» **Instructions for the task**
If pictures appear in the lines below, skip them and copy exactly the lines from the one containing "Player from Today" through the one containing "Fiat 500X – foto 10", and nothing else.

» **Supplied information**
______________________________

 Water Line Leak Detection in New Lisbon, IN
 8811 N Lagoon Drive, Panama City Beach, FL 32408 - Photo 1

______________________________

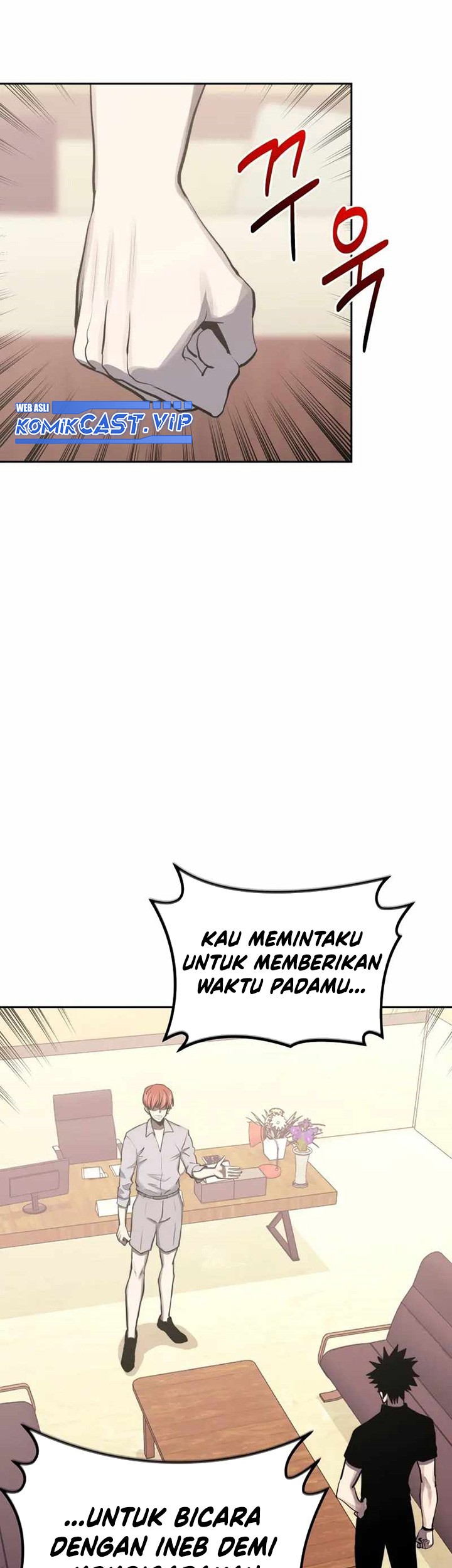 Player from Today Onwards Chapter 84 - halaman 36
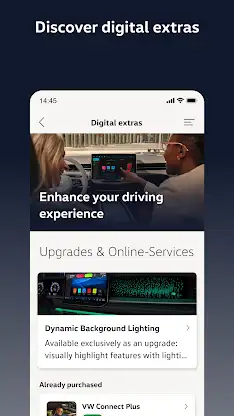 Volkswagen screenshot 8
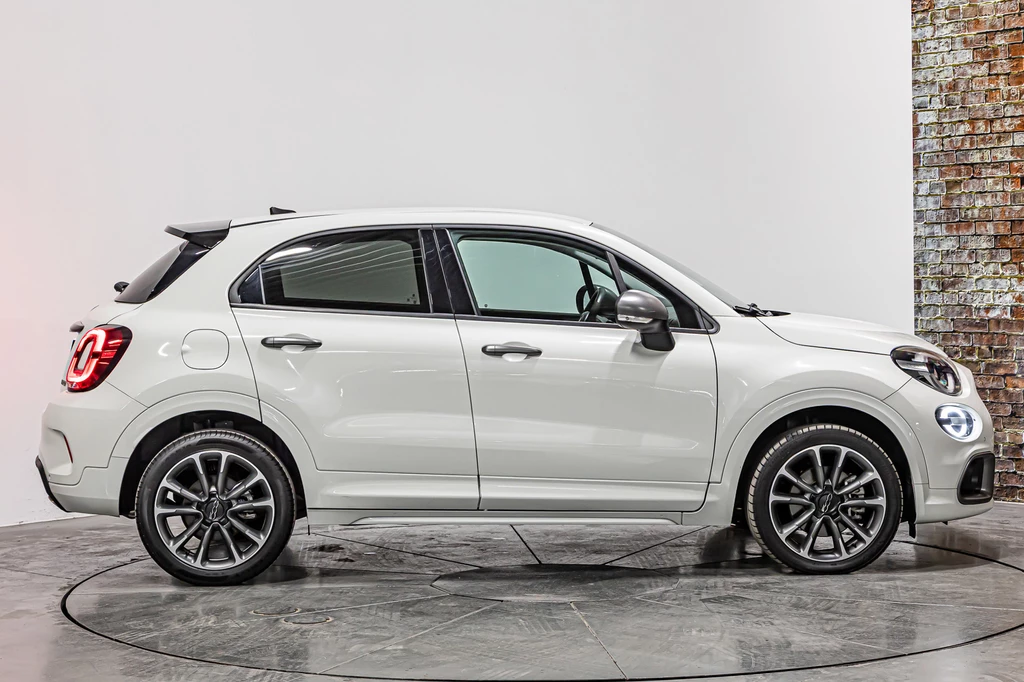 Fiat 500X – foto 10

______________________________

» **Completed exercise**
 Player from Today Onwards Chapter 84 - halaman 36
 Volkswagen screenshot 8
 Fiat 500X – foto 10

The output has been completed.